Sonali Deraniyagala nunca había escrito nada antes de este libro, y, hasta donde sé, no ha vuelto a escribir otro libro. Ignoro si era buena lectora, pero estoy convencida de que no le hizo falta ningún tipo de conocimiento literario para escribir un libro más literario que el de Carrère.
Esto no es una crítica literaria, de hecho no tiene nada que ver con ninguna de las dos obras de las que hablo, sino con una pregunta: ¿qué hace extraordinario a un gran escritor? La respuesta es imposible, pero tengo la certeza de que existen ciertos accidentes que se interponen entre el talento de un escritor y su obra: el despliegue de erudición, el lastre de la crítica, la obsesión por permear el texto con eso que se considera el estilo propio, una egolatría que a su vez viene marcada por las enormes librerías cargadas de libros, como si tuvieran que aguantar, para que no se caigan, las paredes de esa ficción que somos y que hemos creado para que los demás nos vean como nos gustaría ser. Todo esto juega en contra de la obra cuando se trata de exhibirlo, de lo contrario, ¿cuál sería la explicación para esos miles de obras de autores que sólo han escrito un único y excelente libro sin saber poco o nada de literatura? Sin embargo, esos libros no están en nuestras librerías, todos terminamos leyendo lo mismo, pero el caso es que ni el autor más galardonado debe dejar que su biblioteca personal, sus lecturas académicas o la última moda en teoría literaria se interpongan en la vida del texto.
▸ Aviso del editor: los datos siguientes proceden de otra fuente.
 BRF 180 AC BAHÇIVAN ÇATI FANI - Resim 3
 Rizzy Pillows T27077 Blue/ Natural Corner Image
Del libro de Carrère apenas recuerdo su narración como víctima del tsunami. Sin embargo, sí recuerdo esa otra historia paralela y para mí tediosa que tiene que ver con el sistema judicial francés.
¿Cómo puede ser que una historia sobre la parte más burocrática de la carrera de un juez se imponga a un relato con un potencial de creación tan grande como las vidas que se cobró? La respuesta que yo me doy es que los ojos de Carrère estaban velados por las cataratas de la intelectualidad, de su educación literaria, de la crítica. Carrère no pudo contar la verdad del tsunami porque, aunque lo sufrió, no fue capaz de verlo sin interferencias literarias. Ahora que he leído el libro de Sonali me confirmo en que la mejor manera de escribir es dejar que eso más grande que nosotros, eso implacable y verdadero, hable. El talento es una fuerza de la naturaleza que se escribe sola, cruda y en libertad desmesurada. Sonali perdió a su familia, pero logró una obra donde el nivel del agua va subiendo en forma de creación y verdad. Un buen libro siempre es una catástrofe, un antes y un después. Si se entiende esto, hasta el detalle más irrelevante se puede narrar con el agarre del tsunami más poderoso de la historia. Y es que todos, en algún momento de nuestra vida, tenemos que sobrevivir en las aguas que nos inundan entre las cuatro paredes de nuestro cuerpo.